The Marshall Islands NDC Partnership Plan identifies six priority areas: mitigation of greenhouse gas emissions and a reduced dependence on fossil fuels; adaptation and resilience against the effects of a changing climate; fully integrating gender and human rights measures throughout the country’s response to climate change; capacity building so all Marshallese women, men and youth can contribute to the country’s NDC; coordinated climate policy, finance and data to ensure a whole-of-government and whole-of-society response to climate change; and global leadership and ambition.
At the Partnership Dialogue, national and global partners began mapping available programs and resources to help the country meet the activities it outlined to achieve results in these priority areas. These discussions will continue over the next several months, and there will be need for additional partners to respond to the country’s needs. The Marshall Islands NDC Partnership Plan is a living document and will continue to be reviewed and updated when and where necessary in collaboration with partners.
“If we fail in tackling climate change for the Marshall Islands, if we lose our way, we will have lost the fight,” said NDC Partnership Support Unit Global Director Pablo Vieira at the Partnership Dialogue. “Members of the NDC Partnership and others want to respond to the needs identified by the government to make sure that does not happen.”

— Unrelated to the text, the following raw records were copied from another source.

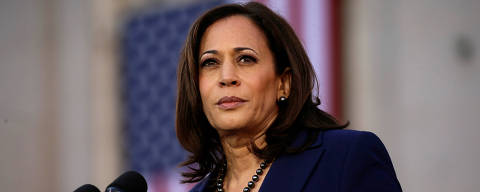 FILE PHOTO: U.S. Senator Kamala Harris launches her campaign for President of the United States at a rally at Frank H. Ogawa Plaza in her hometown of Oakland, California, U.S., January 27, 2019.  REUTERS/Elijah Nouvelage/File Photo ORG XMIT: GGG-NOU033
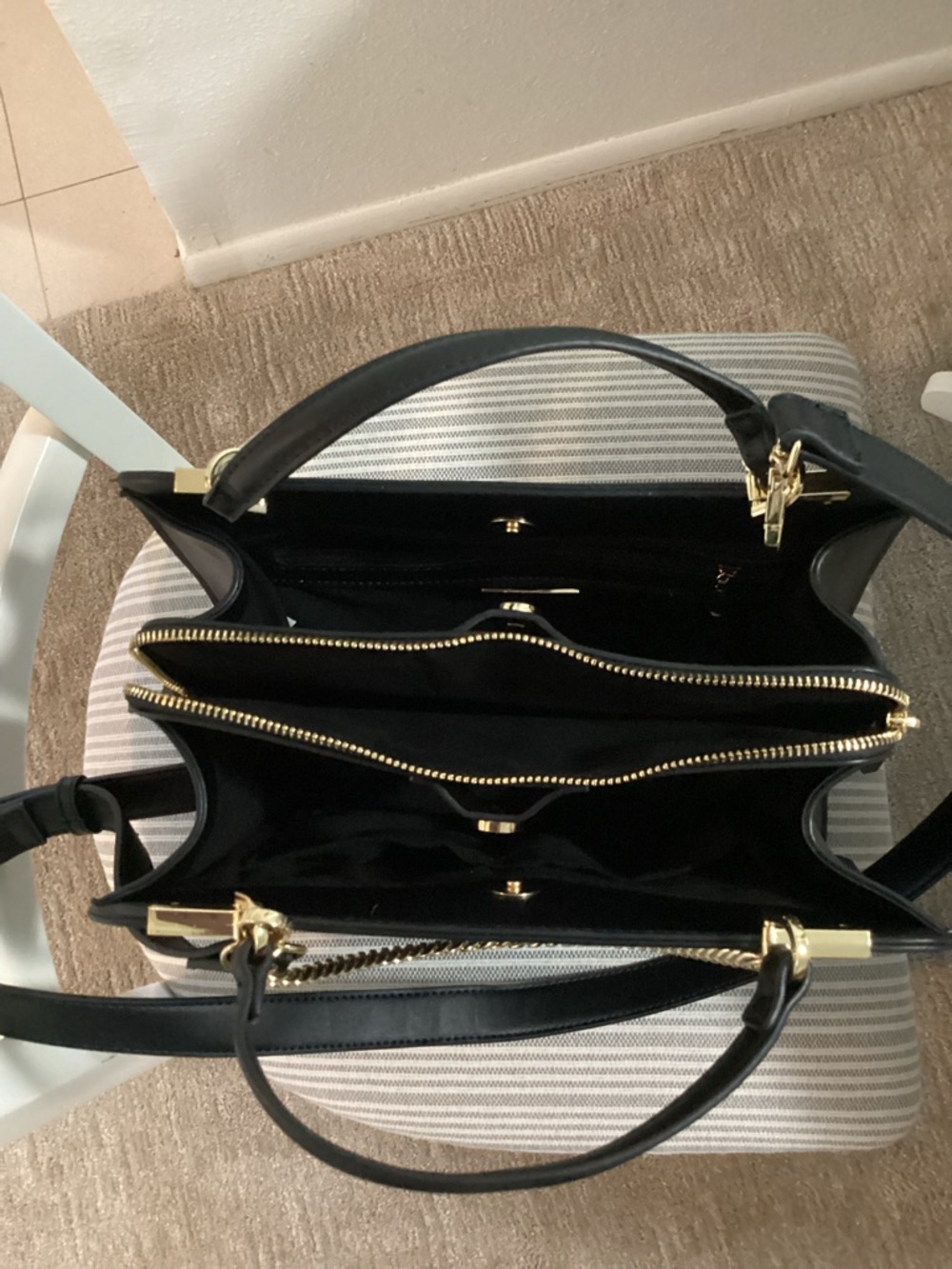 Steve Madden Black and Gold Chain Satchel - Picture 3 of 3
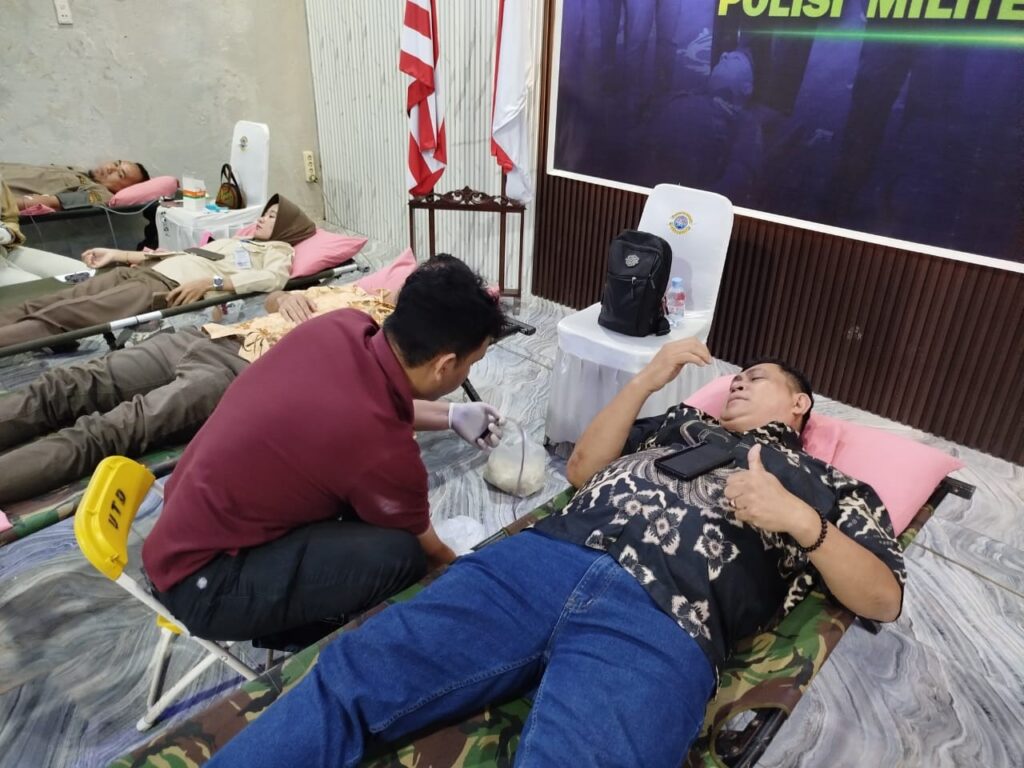 PT KPBN Ikut Serta Donor Darah HUT Polisi Militer AL ke-79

“It is noteworthy that a country that only emits .00001% of global greenhouse gases still proposes to take ambitious mitigation actions,” he added. “The Marshall Islands continues to be one of the most vocal and recognized voices on the urgent need to combat climate change, because there is so much at stake. The very future of these island communities depends on whether or not countries take their commitments to the Paris Agreement seriously.”
The Marshall Islands NDC commits the country to reducing emissions by 32 percent by 2025 (from 2010 levels). President Heine also confirmed the Marshall Islands will finalize a long-term 2050 Strategy to reach net zero emissions and boost climate resilience by August with a view to launching it in September of this year – making it one of the first countries in the world to anchor its short-term NDC implementation under the framework of a longer-term 2050 Strategy. Through its convening of the High Ambition Coalition, the Marshall Islands has been encouraging other countries to urgently increase global ambition by 2020 and to adopt 2050 Strategies consistent with the goals of the Paris Agreement, including by charting a course to net zero emissions.

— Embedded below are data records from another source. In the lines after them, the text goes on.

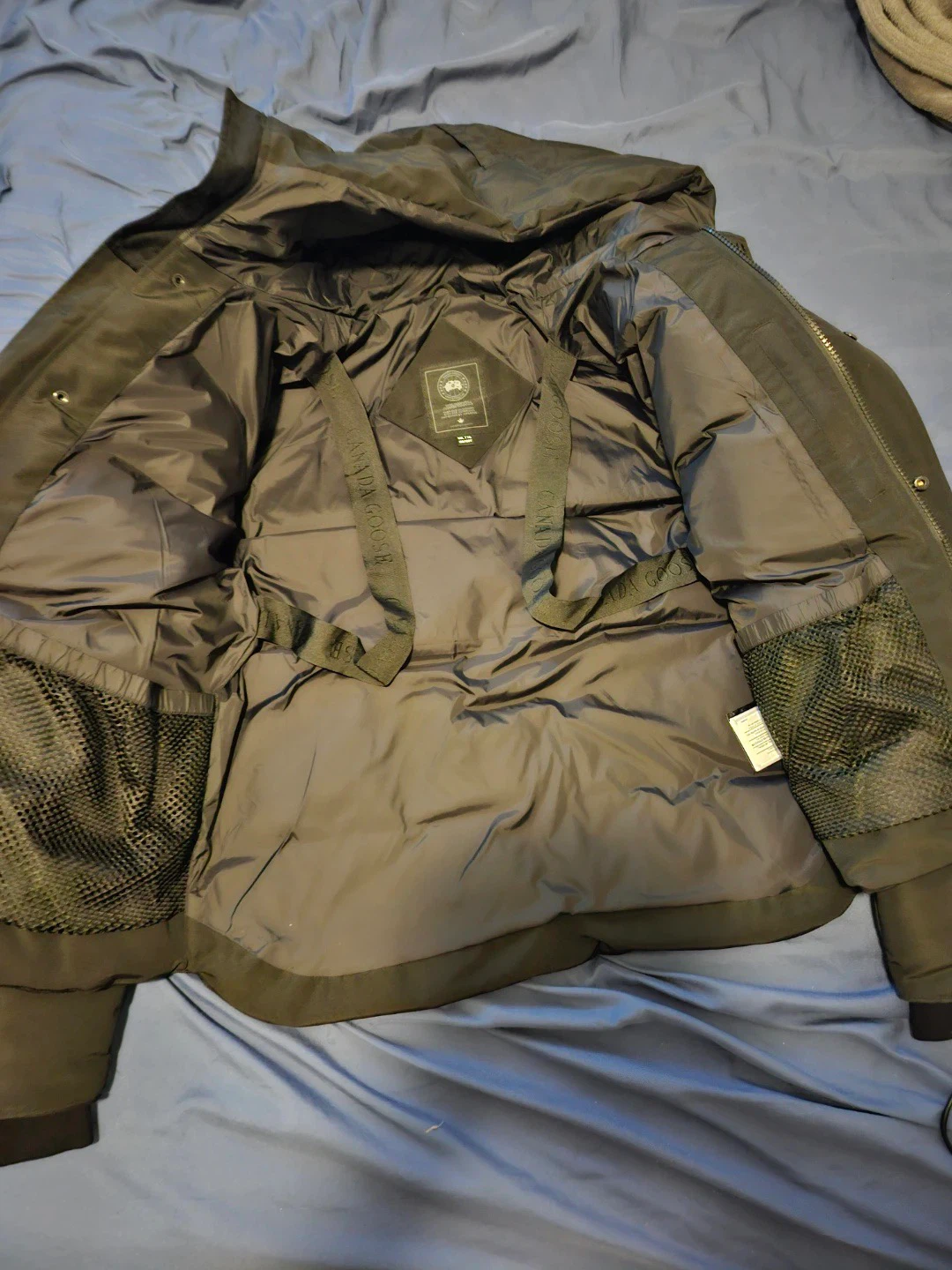 Canada Goose Puffer Jacket - photo 4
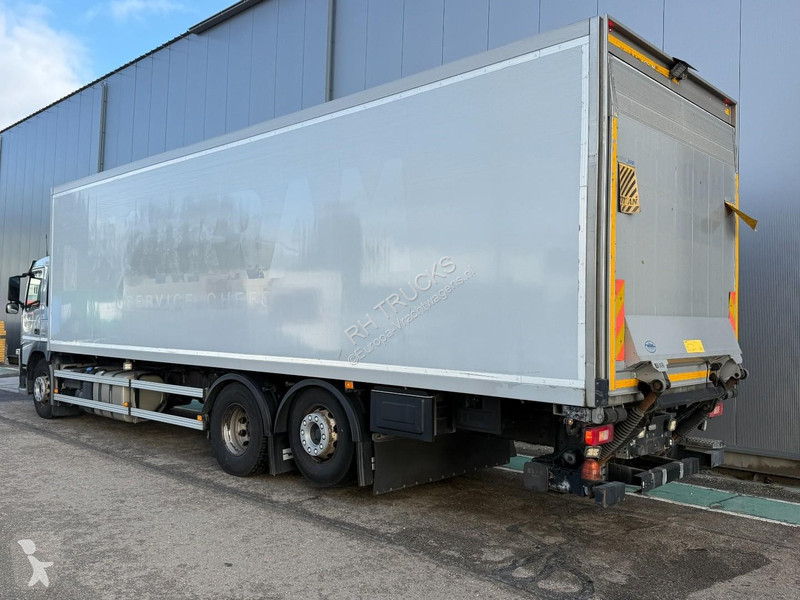 Kamion Volvo 330 6x2 EURO 6 - BOX 9,84m +...
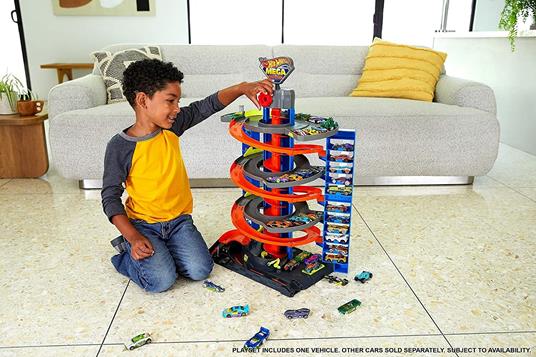 Hot Wheels- City Mega Garage Twist, Playset con Ascensore a Spirale e Oltre 6 Posti Auto, Include 1 Macchinina in Scala 1:64, Imballaggio Sostenibile, Giocattolo per Bambini 4+ Anni, HFH03 - 3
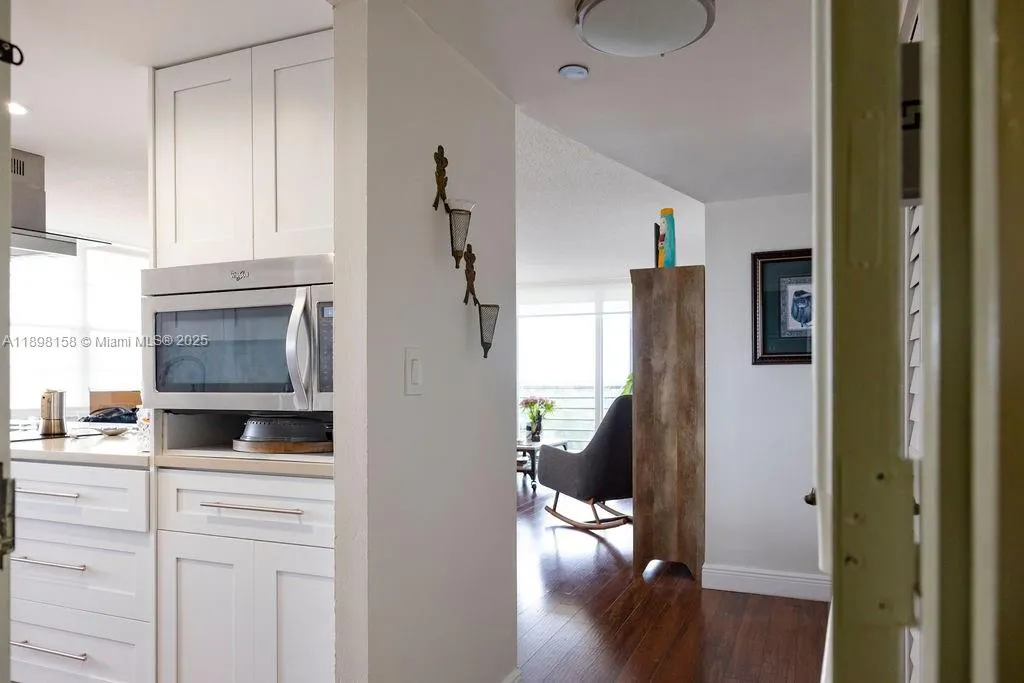 1300 St Charles Place, #PH12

“It is the first time we will see a country’s climate strategy to 2050 that describes so well the immediate steps that are needed to put the economy on the path to decarbonization and climate resilience. There is always a risk of developing such a long-term vision independently from ongoing policy and decision-making processes. Instead, the Marshall Islands has decided to integrate the challenges of the next generation into today’s decisions,” said Richard Baron, Executive Director of the 2050 Pathways Platform. “This approach, replicated by other larger emitters, will allow us to meet the climate goals of the Paris Agreement.”
The Republic of Marshall Islands was one of the first countries to join the NDC Partnership and is currently the developing island nation representative on its Steering Committee. The NDC Partnership has grown to include 77 countries, 18 international institutions and four Associate Members. The Partnership is supporting more than 30 developing countries to enhance and implement their NDCs through technical assistance; capacity building; knowledge sharing and by facilitating access to finance. Members give specific support to strengthen policy frameworks; mainstream climate actions into national, sectoral and sub-national plans; develop budgeting and investment plans; share knowledge and resources and build more robust monitoring and reporting systems in line with country-driven requests.